How we cite our quotes: (Chapter.Paragraph)
Quote #7
"There are no words. The one I send home comes out a pukka Englishman, white-suited, silly wig lawyer. The one I keep here is fully paid-up green-bow-tie-wearing fundamentalist terrorist. I sometimes wonder why I bother," said Samad bitterly. (15.193)
Why does he bother? It seems he can't stop bothering, so there must be a reason.
Quote #8
Their eagerness and enthusiasm was so remarkable (extraordinary, outstanding, unprecedented) that almost before the Brother emerged from his confinement and announced it himself, the idea of KEVIN had been born within the black and Asian community. A radical new movement where politics and religion were two sides of the same coin. A group that took freely from Garveyism, the American Civil Rights movement, and the thought of Elijah Muhammad, yet remained within the letter of the Qur'an. The Keepers of the Eternal and Victorious Islamic Nation. By 1992 they were a small but widespread body, with limbs as far-flung as Edinburgh and Land's End, a heart in Selly Oak and a soul in the Kilburn High Road. KEVIN: an extremist faction dedicated to direct, often violent action, a splinter group frowned on by the rest of the Islamic community; popular with the sixteen-to-twenty-five age group; feared and ridiculed in the press; and gathered tonight in the Kilburn Hall, standing on chairs and packed to the rafters, listening to the speech of their founder. (18.6)
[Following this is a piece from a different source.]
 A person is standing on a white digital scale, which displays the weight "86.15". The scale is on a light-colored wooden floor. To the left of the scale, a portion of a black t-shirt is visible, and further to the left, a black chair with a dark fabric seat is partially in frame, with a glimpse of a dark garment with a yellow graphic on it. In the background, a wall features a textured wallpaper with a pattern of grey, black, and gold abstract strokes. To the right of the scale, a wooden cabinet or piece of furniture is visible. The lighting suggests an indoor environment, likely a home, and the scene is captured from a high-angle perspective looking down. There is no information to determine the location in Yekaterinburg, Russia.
This is one of the clearest descriptions of KEVIN we can find in the novel, and sometimes KEVIN is pretty darn hard to figure out. What real-life groups does KEVIN remind you of, if any?
Quote #9
They were still the same remarkable family they always had been. But having cut all ties with their Oxbridge peers—judges, TV execs, advertisers, lawyers, actors, and other frivolous professions Chalfenism sneered at—there was no one left to admire Chalfenism itself. Its gorgeous logic, its compassion, its intellect. They were like wild-eyed passengers of the Mayflower with no rock in sight. Pilgrims and prophets with no strange land. (12.8)
Chalfenism is in the religion section because, while the Chalfens are atheists, their belief in their way of life over all others (and, really, separate from all others) borders on religious faith. The Chalfens follow Chalfenism much like another family might follow Christianity.